- Try it
Retype the listing exactly, with no images.

- Data
━━━━━━━━━━━━━━━━━━━━

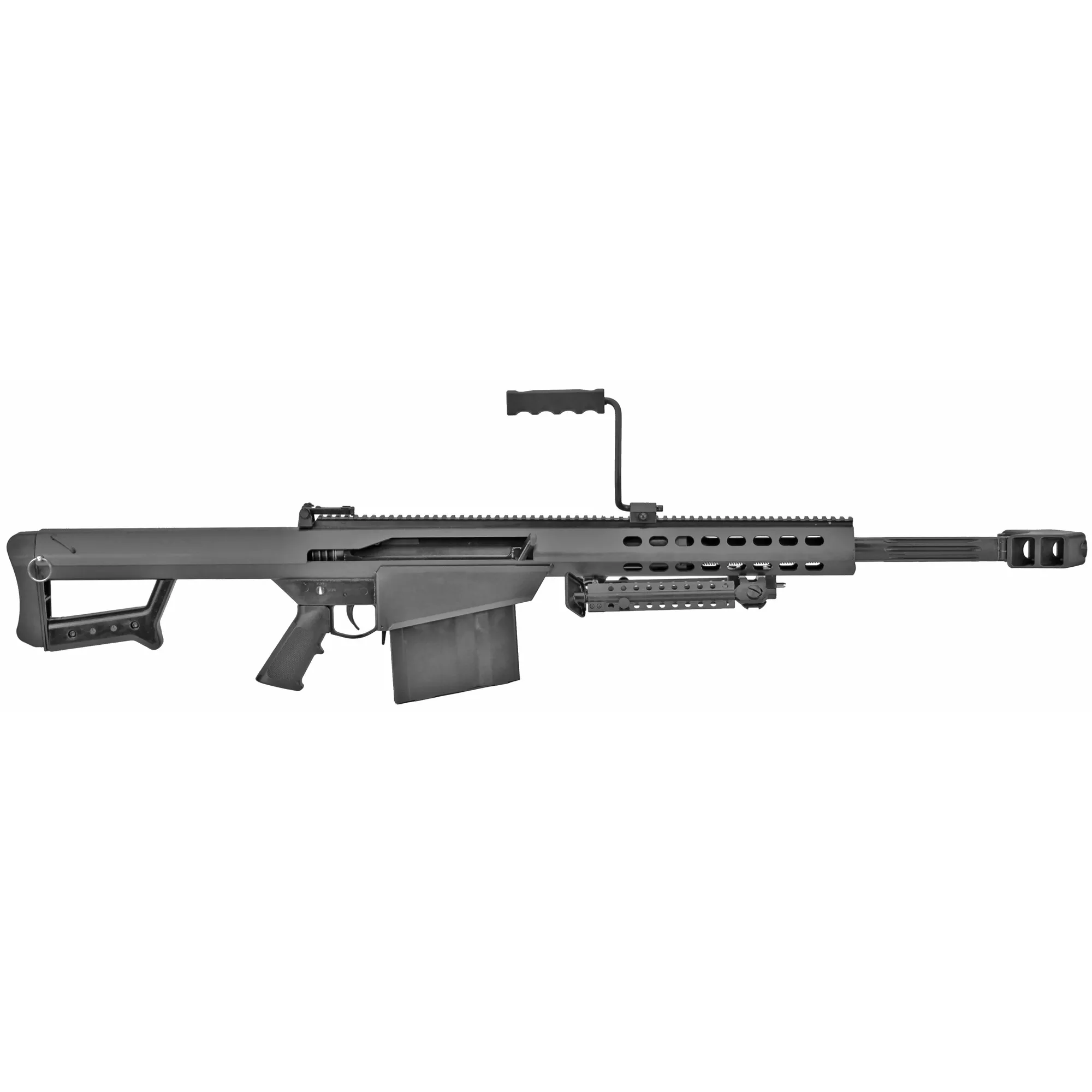 BARRETT 82A1 50BMG SEMI 20″ 10RD BLK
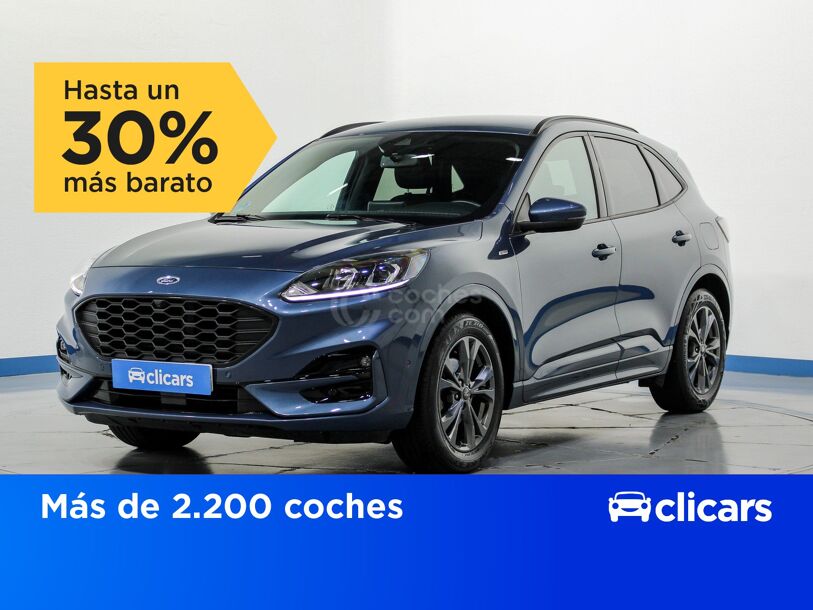 Foto del FORD Kuga 1.5 EcoBoost ST-Line FWD 150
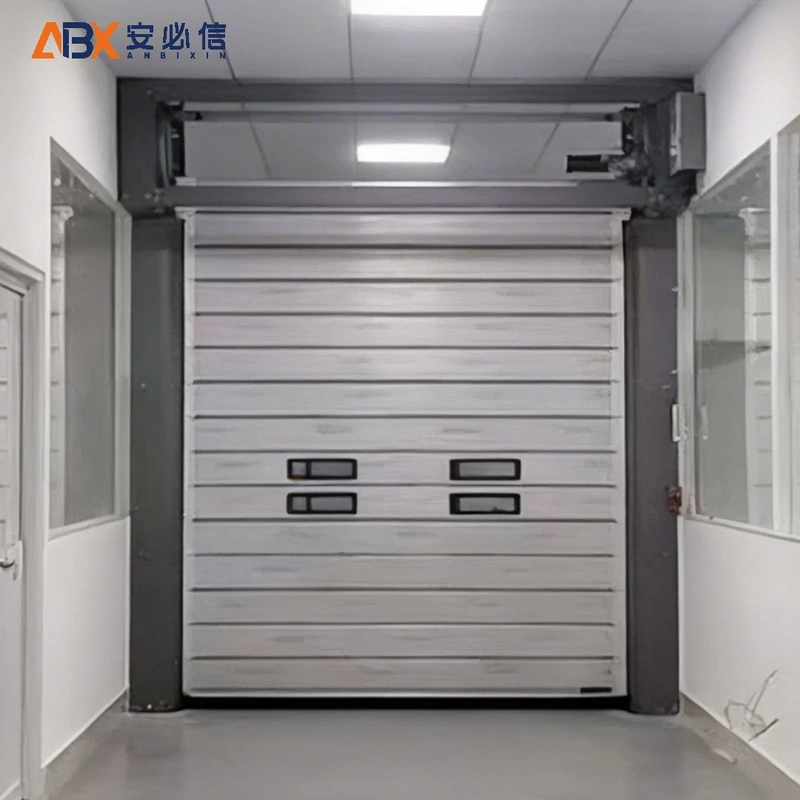 温州市雷达高速门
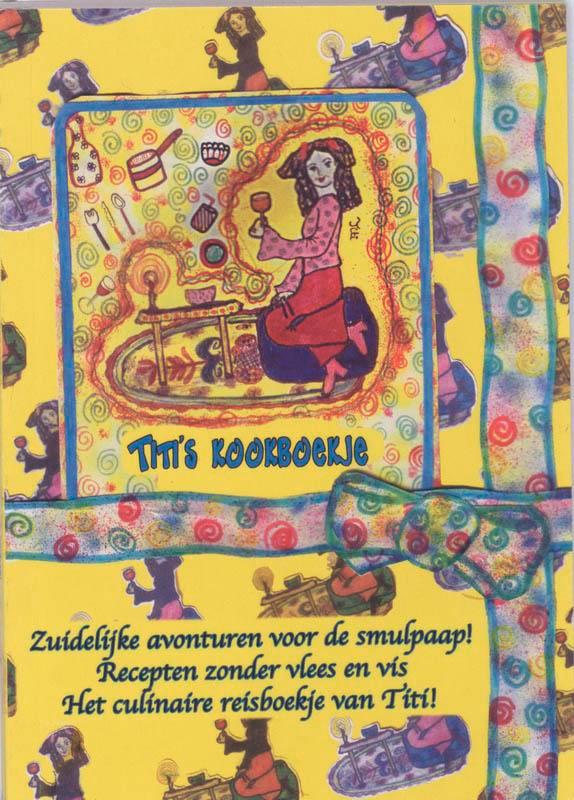 Titis kookboekje 9789080781221 M.F. Bouman, Boeken, Kookboeken, Zo goed als nieuw, Verzenden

━━━━━━━━━━━━━━━━━━━━

- Output below
 BARRETT 82A1 50BMG SEMI 20″ 10RD BLK
 Foto del FORD Kuga 1.5 EcoBoost ST-Line FWD 150
 温州市雷达高速门
 Titis kookboekje 9789080781221 M.F. Bouman, Boeken, Kookboeken, Zo goed als nieuw, Verzenden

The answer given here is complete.